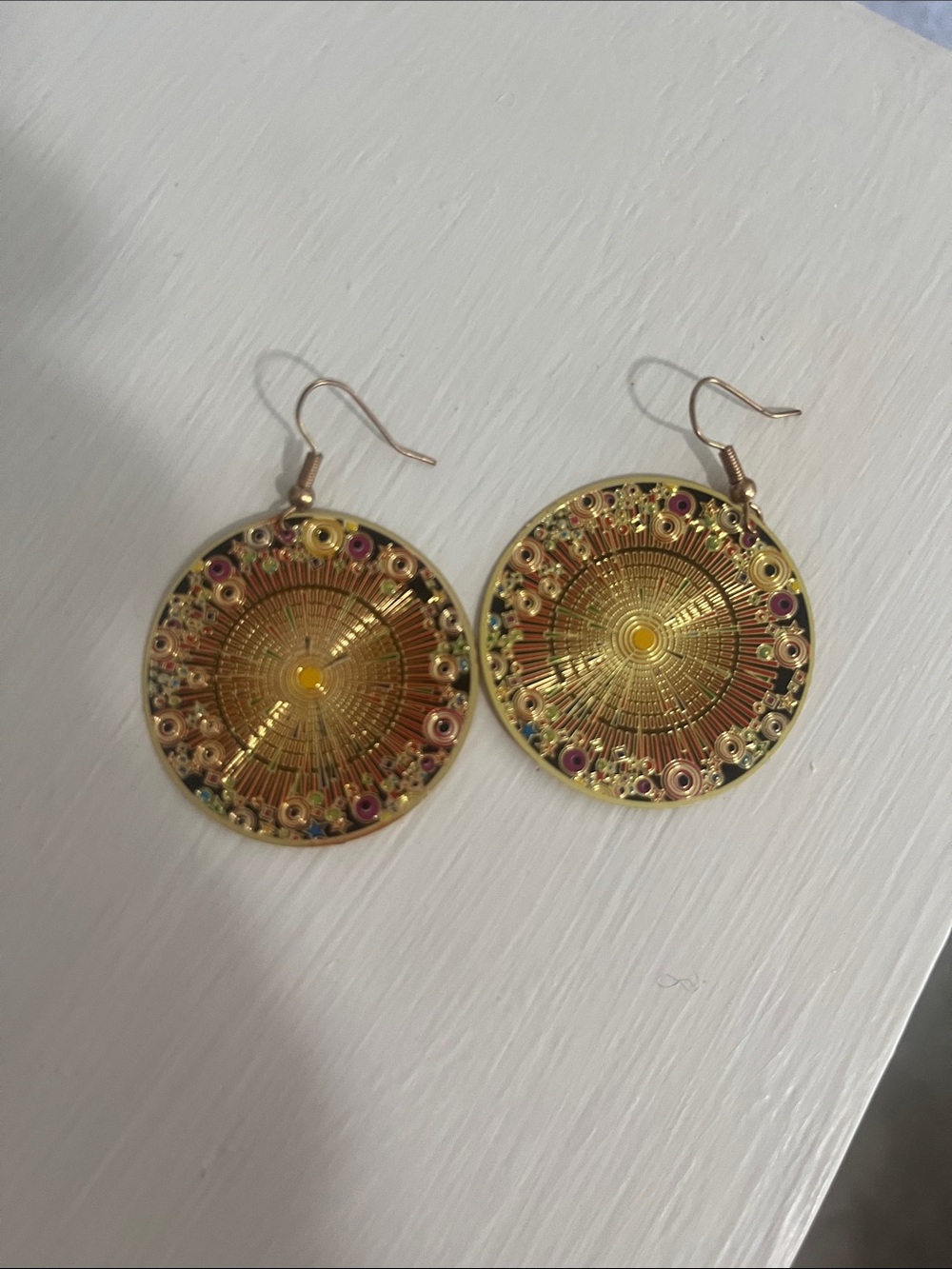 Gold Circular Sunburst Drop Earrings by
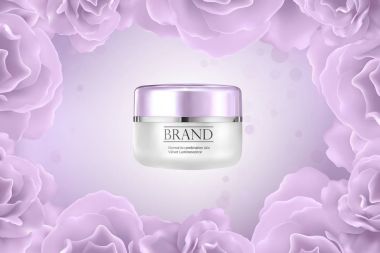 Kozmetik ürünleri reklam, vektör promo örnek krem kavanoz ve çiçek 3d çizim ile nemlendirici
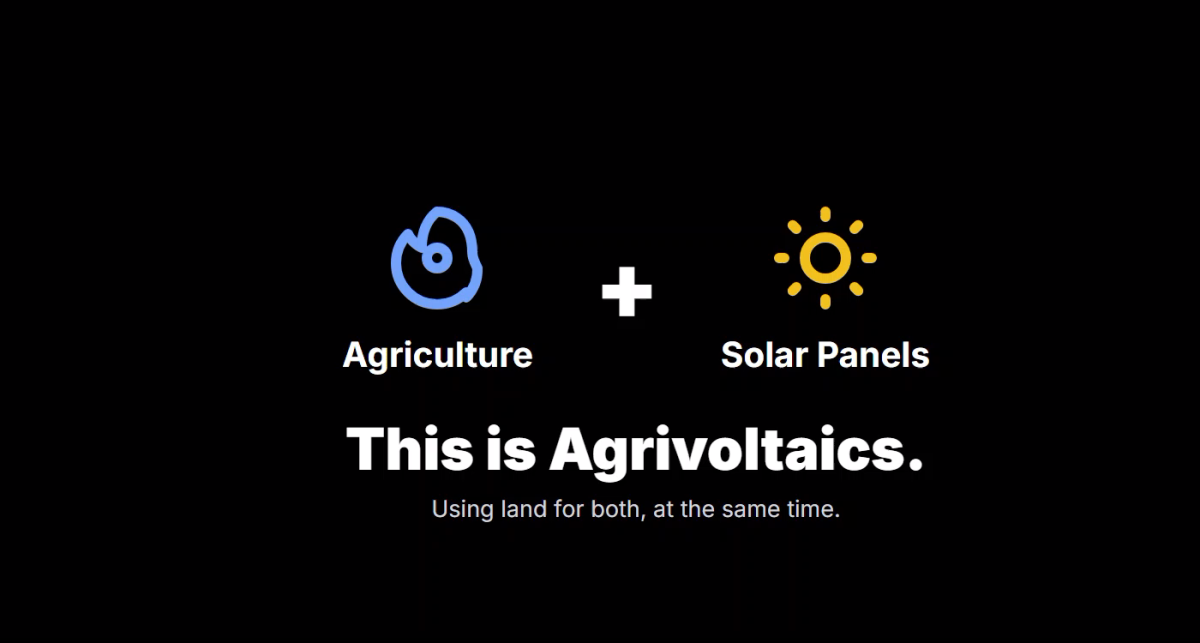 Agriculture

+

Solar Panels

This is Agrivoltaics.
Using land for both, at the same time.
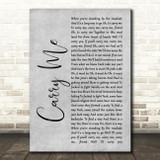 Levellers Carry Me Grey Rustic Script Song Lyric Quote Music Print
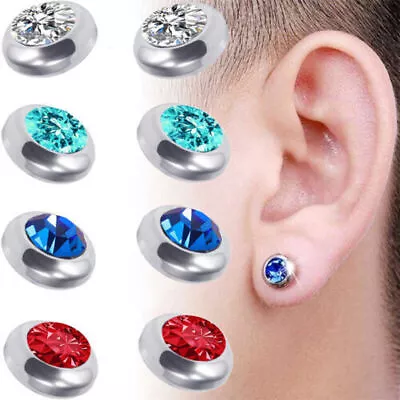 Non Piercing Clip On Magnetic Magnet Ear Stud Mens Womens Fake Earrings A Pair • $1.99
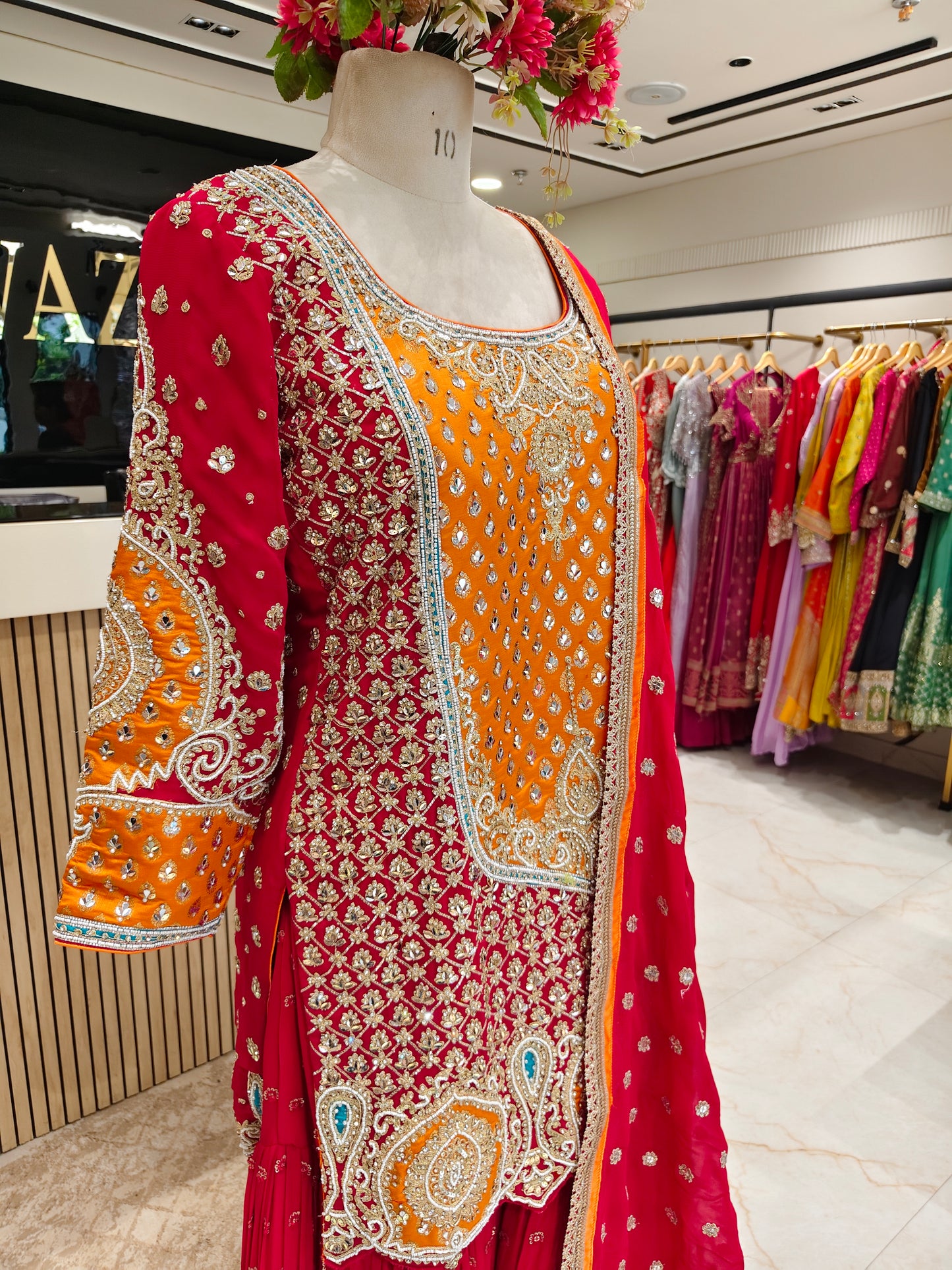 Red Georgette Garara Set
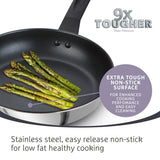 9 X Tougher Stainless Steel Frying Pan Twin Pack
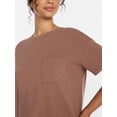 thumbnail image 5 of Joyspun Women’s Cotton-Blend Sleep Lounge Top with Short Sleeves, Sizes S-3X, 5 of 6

...

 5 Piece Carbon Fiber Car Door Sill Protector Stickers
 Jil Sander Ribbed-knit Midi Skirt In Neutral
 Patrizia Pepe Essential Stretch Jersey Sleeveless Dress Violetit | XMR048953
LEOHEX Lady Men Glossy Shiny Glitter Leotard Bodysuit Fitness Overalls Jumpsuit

---

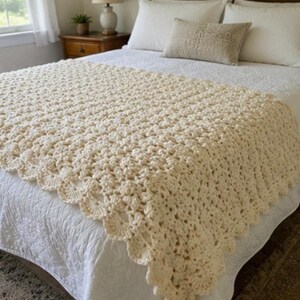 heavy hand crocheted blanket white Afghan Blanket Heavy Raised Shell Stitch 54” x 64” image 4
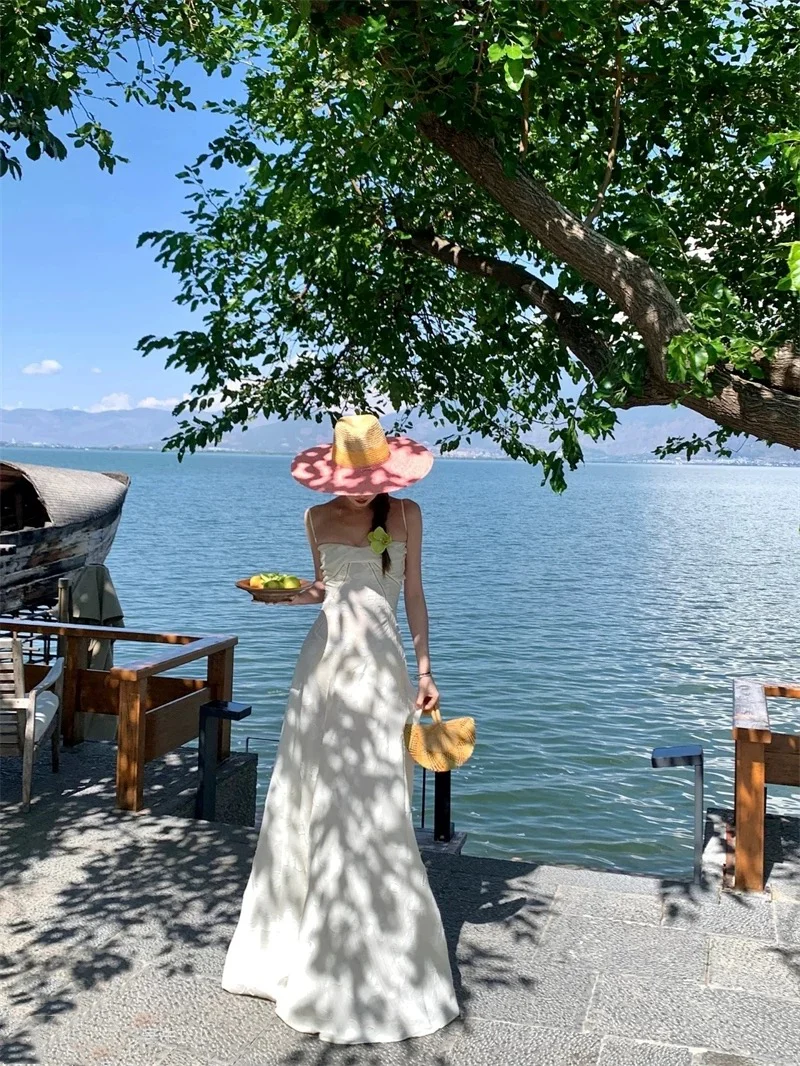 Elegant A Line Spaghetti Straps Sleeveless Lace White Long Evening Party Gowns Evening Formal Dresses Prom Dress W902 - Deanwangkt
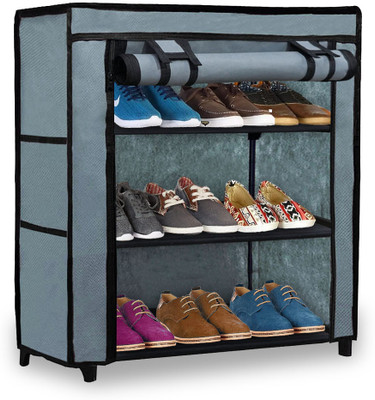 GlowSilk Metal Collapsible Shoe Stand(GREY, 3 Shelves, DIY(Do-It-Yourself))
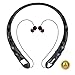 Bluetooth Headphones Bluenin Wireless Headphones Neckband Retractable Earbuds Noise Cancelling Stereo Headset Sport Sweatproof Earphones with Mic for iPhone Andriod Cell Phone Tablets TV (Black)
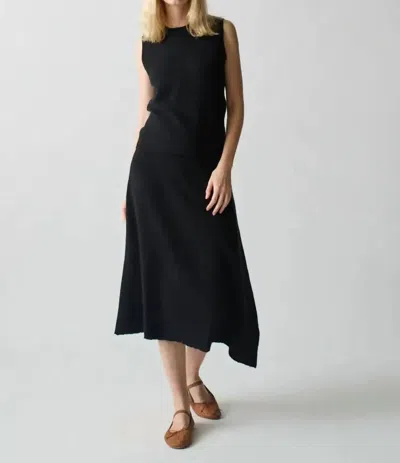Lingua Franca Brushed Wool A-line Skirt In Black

● **DIRECTIONS**:
Among the lines above, repeat exactly those from the line with "5 Piece Carbon" to the line with "LEOHEX Lady Men", counting both ends.

● **EXERCISE OUTPUT**:
 5 Piece Carbon Fiber Car Door Sill Protector Stickers
 Jil Sander Ribbed-knit Midi Skirt In Neutral
 Patrizia Pepe Essential Stretch Jersey Sleeveless Dress Violetit | XMR048953
LEOHEX Lady Men Glossy Shiny Glitter Leotard Bodysuit Fitness Overalls Jumpsuit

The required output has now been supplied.